Ensure that management reports to you on a periodic basis and gives you the bad news in time and in a straight forward manner. Management controls the information so make sure they are comfortable escalating their concerns and issues. Stay analytical and reflective enough to know when trust is being broken by management. Set up a platform where employees at all levels have a platform to voice their concerns and that all their concerns are documented carefully addressed. After the spill
Once the leak has occurred, the number one priority of the Board during the spill should be to focus on BP’s clean-up efforts. This needs to be done swiftly to avoid further environmental damage. The Board must immediately set up a meeting with the management to design an action plan with timelines and allocated accountability. The Board needs to carefully determine the shortcomings of such a plan and provide guidance on potential improvement. An independent consultant who understands the operational aspects could be brought in to this meeting to offer a fresh perspective and advice on clean-up efforts. The Board needs to have ongoing communications with the management on a daily basis to track the implementation of the action plan.

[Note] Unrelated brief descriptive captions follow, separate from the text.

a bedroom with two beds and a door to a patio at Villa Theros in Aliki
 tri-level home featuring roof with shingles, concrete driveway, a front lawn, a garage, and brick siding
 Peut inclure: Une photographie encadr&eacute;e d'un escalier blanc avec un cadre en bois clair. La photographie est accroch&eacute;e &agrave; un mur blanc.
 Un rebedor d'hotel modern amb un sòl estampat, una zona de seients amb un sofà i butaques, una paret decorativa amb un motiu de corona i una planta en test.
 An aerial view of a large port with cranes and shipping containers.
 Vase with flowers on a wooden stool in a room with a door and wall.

The key initial steps for the action plan must include the following action items. Efforts must be made to gauge the potential impact of the spill. An investigation with set timelines must be launched immediately to understand what caused the leak. It is important to seek timely external help from the Government and industry experts including those from academia and competition, to try and fix the operational leak as rapidly as possible. BP’s on ground crew must not only keep all authorities informed about the developments of the clean-up efforts, but it should also solicit the help of local authorities to ensure that relief is being provided to those who have been affected.
The Government, media and press and most importantly the affected people must be kept informed of the progress on clean-up efforts. While it may be tempting to downplay the impact, it would be in the best interest of the company to communicate openly and honestly with all stakeholders even though it may result in increasing liabilities for BP. If this is not done, it will result in further loss of confidence of the company. As the Board, it is your responsibility to reassure all stakeholders that genuine efforts are being made towards the clean-up process. Once the investigation results are out, a careful post mortem must be performed and the lessons learnt must be documented and those responsible for the mishap must be held accountable for their actions.
If investigations show negligent behaviour both before the crisis and during the crisis, those individuals must be fired while ensuring that succession planning for those positions is in place. This sends out a strong signal to the stakeholders that the company is not afraid of taking tough decisions and is making concrete efforts to clean up the mess. Tony Hayward’s reactions during the crisis were completely inappropriate. He was complaining about the amount of time he was spending dealing with the disaster, saying “I would like my life back,” and was also down playing the spill’s effect by saying “the Gulf was a big ocean, the environmental impact of this disaster is likely to be very, very modest”.
Furthermore, members of the Board must go on the ground and monitor rescue efforts themselves. They must be willing to roll up their sleeves and get their hands dirty. They should be prepared to put aside all other commitments during such an emergency. The implication is that while they should not manage the implementation, they should provide guidance and stay on top of things to ensure things are moving forward in the right manner.